▸ Working data:
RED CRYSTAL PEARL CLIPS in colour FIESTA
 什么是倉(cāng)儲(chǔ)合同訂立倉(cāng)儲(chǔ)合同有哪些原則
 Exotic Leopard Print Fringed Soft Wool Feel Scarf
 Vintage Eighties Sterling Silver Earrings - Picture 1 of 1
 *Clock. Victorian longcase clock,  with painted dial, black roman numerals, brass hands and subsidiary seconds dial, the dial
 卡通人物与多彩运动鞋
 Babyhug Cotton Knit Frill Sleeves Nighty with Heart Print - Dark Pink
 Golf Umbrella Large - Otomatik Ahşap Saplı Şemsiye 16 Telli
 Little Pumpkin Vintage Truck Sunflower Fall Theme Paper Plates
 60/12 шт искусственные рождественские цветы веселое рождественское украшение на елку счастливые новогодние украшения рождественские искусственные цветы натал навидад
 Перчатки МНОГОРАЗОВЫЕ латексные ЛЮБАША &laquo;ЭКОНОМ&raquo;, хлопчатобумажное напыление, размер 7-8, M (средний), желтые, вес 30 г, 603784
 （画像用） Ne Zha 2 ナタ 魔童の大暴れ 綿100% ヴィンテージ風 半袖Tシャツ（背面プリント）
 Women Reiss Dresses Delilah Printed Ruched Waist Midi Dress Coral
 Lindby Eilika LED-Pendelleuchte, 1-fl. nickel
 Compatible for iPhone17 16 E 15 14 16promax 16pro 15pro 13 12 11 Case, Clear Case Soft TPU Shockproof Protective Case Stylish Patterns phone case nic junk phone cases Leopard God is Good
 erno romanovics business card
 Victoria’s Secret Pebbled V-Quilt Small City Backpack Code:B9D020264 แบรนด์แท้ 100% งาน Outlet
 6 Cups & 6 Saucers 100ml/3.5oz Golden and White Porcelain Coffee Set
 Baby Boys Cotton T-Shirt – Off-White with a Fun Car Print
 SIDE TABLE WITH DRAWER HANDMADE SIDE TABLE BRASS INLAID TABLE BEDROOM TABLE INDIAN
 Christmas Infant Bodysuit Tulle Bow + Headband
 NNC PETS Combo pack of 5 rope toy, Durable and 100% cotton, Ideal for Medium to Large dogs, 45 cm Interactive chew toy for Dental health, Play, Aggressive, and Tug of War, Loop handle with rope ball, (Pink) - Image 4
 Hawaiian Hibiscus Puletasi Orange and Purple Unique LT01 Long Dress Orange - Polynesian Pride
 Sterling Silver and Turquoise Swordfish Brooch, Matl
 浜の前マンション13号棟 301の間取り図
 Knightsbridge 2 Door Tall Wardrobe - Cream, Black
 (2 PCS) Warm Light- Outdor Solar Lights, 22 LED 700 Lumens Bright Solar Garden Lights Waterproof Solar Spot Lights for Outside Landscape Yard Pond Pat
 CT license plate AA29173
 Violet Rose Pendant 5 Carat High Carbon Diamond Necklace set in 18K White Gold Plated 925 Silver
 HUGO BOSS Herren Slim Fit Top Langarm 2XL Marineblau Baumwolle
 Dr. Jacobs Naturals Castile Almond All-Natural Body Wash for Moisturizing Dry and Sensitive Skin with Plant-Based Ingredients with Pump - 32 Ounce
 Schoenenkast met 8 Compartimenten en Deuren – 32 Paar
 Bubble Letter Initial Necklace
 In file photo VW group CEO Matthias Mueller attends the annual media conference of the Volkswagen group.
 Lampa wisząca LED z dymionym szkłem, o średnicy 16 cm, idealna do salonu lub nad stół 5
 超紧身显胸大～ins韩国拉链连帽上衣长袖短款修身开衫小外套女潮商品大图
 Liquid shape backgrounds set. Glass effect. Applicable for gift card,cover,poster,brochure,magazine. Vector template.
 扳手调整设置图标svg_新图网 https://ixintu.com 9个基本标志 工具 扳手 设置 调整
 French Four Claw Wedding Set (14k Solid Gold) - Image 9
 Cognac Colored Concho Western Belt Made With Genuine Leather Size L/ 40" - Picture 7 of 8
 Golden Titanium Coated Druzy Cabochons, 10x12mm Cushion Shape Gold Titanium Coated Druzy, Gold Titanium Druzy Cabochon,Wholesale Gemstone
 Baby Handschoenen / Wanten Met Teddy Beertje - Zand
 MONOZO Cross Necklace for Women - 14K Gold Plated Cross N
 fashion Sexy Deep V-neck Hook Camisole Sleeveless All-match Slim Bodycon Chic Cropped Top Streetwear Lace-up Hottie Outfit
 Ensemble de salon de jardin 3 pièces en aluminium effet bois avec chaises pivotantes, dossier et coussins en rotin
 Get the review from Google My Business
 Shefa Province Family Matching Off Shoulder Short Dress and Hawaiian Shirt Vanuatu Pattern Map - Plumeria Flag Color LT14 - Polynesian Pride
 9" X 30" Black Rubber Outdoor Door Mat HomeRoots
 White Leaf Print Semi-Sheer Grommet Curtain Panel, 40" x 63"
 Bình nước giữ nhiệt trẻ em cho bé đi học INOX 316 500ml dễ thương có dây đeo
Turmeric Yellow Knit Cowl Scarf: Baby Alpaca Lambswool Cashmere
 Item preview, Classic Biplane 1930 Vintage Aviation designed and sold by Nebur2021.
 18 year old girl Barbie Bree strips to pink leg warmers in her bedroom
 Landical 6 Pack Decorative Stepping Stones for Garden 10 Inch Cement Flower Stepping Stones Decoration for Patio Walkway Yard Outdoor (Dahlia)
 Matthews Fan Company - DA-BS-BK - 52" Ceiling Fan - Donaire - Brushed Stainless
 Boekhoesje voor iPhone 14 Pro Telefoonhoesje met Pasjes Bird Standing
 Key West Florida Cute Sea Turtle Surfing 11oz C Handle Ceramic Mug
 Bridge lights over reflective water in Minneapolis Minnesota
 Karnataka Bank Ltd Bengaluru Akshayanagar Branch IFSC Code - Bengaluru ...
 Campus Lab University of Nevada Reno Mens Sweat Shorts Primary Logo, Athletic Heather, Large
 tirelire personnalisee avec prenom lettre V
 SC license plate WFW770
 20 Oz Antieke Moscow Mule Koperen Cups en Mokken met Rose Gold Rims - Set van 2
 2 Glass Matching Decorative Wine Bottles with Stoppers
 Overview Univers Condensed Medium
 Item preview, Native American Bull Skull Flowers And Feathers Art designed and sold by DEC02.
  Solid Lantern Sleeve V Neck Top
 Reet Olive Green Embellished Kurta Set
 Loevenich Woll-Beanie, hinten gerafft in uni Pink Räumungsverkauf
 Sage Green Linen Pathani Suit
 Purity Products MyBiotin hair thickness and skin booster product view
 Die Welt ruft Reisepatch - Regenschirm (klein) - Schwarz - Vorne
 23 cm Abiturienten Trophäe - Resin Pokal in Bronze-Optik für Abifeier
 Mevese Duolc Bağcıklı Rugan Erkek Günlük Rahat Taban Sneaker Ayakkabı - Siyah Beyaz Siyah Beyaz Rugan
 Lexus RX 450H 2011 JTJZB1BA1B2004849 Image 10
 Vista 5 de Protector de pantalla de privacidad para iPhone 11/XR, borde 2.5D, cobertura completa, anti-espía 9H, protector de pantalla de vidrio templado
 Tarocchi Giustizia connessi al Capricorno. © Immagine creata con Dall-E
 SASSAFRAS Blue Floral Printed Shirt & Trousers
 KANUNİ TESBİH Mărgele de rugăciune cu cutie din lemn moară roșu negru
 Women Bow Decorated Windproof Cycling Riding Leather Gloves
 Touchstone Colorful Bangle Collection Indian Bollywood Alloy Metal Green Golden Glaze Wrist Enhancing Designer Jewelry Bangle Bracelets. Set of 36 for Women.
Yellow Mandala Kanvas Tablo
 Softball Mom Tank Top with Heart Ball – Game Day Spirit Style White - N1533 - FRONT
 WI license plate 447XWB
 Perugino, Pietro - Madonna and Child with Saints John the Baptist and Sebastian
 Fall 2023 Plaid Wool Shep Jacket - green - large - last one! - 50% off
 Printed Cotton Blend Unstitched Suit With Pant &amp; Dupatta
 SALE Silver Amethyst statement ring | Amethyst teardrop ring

▸ What to produce: Starting from the line that contains "Fall 2023 Plaid", transcribe each line to the end of the records above. Please add nothing.

▸ Answer space:
 Fall 2023 Plaid Wool Shep Jacket - green - large - last one! - 50% off
 Printed Cotton Blend Unstitched Suit With Pant &amp; Dupatta
 SALE Silver Amethyst statement ring | Amethyst teardrop ring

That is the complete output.